#### Records to process:
+ + + + + + +
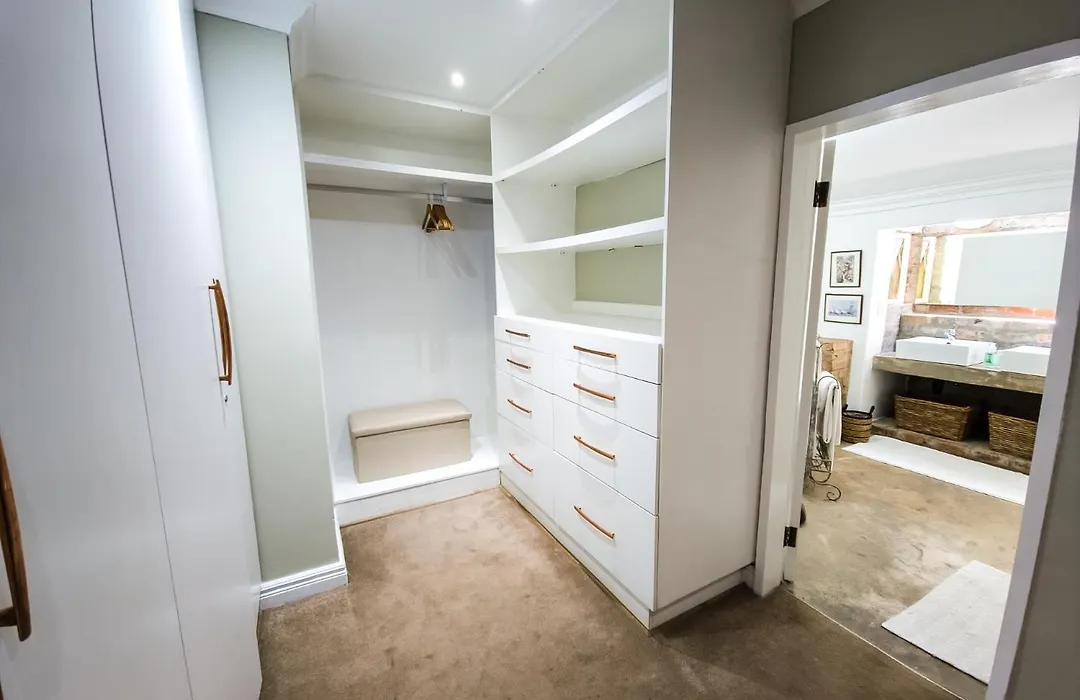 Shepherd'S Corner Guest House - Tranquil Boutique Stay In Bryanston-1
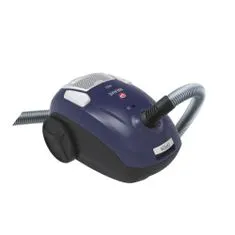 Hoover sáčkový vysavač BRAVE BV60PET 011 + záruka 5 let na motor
+ + + + + + +
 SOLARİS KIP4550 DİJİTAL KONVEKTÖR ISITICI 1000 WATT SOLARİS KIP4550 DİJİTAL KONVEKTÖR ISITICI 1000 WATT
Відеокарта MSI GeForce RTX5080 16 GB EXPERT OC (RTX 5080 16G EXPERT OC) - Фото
+ + + + + + +
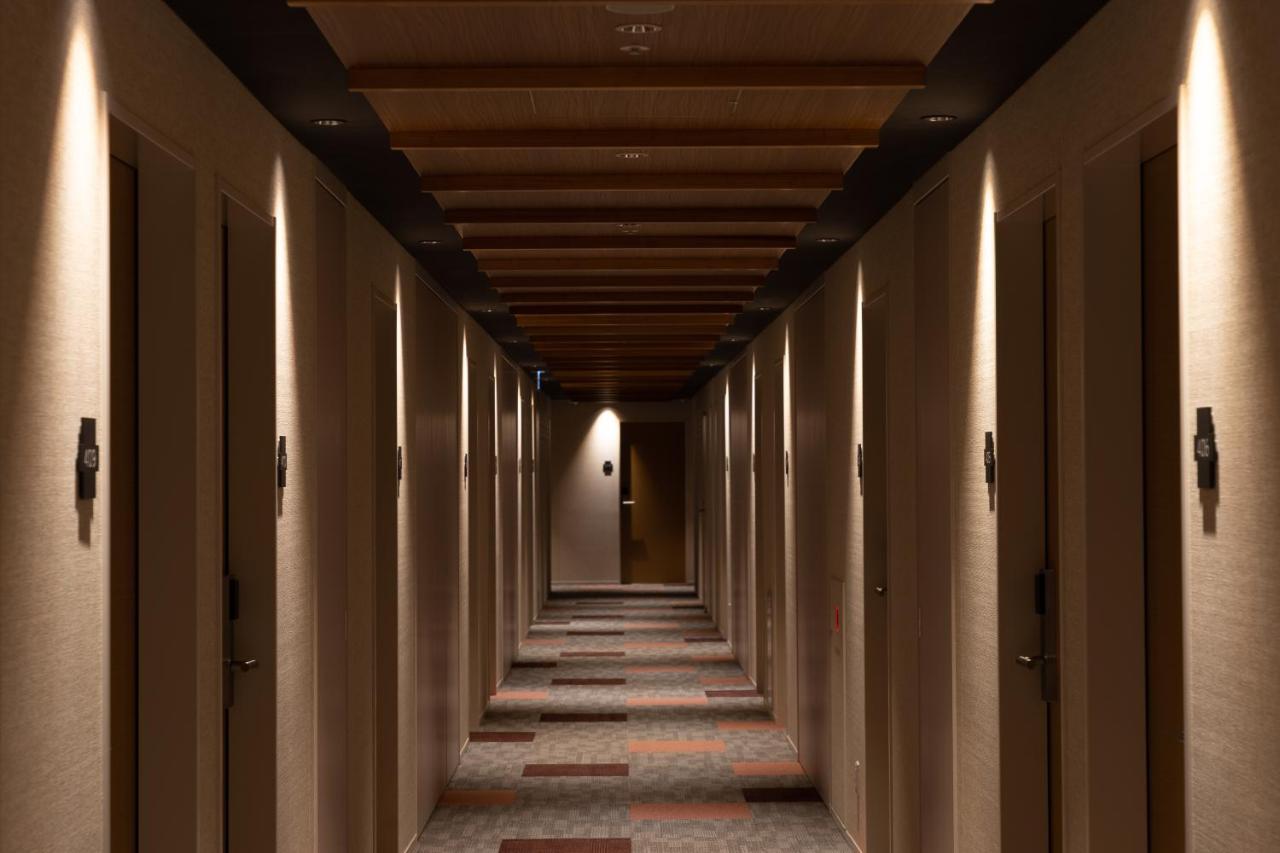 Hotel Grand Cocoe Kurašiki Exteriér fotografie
+ + + + + + +
#### Your assignment:
Could you restate, word for word, the lines above from the one with "SOLARİS KIP4550 DİJİTAL KONVEKTÖR ISITICI 1000 WATT SOLARİS" to the one with "Відеокарта MSI GeForce", both included?

#### Response to the task:
 SOLARİS KIP4550 DİJİTAL KONVEKTÖR ISITICI 1000 WATT SOLARİS KIP4550 DİJİTAL KONVEKTÖR ISITICI 1000 WATT
Відеокарта MSI GeForce RTX5080 16 GB EXPERT OC (RTX 5080 16G EXPERT OC) - Фото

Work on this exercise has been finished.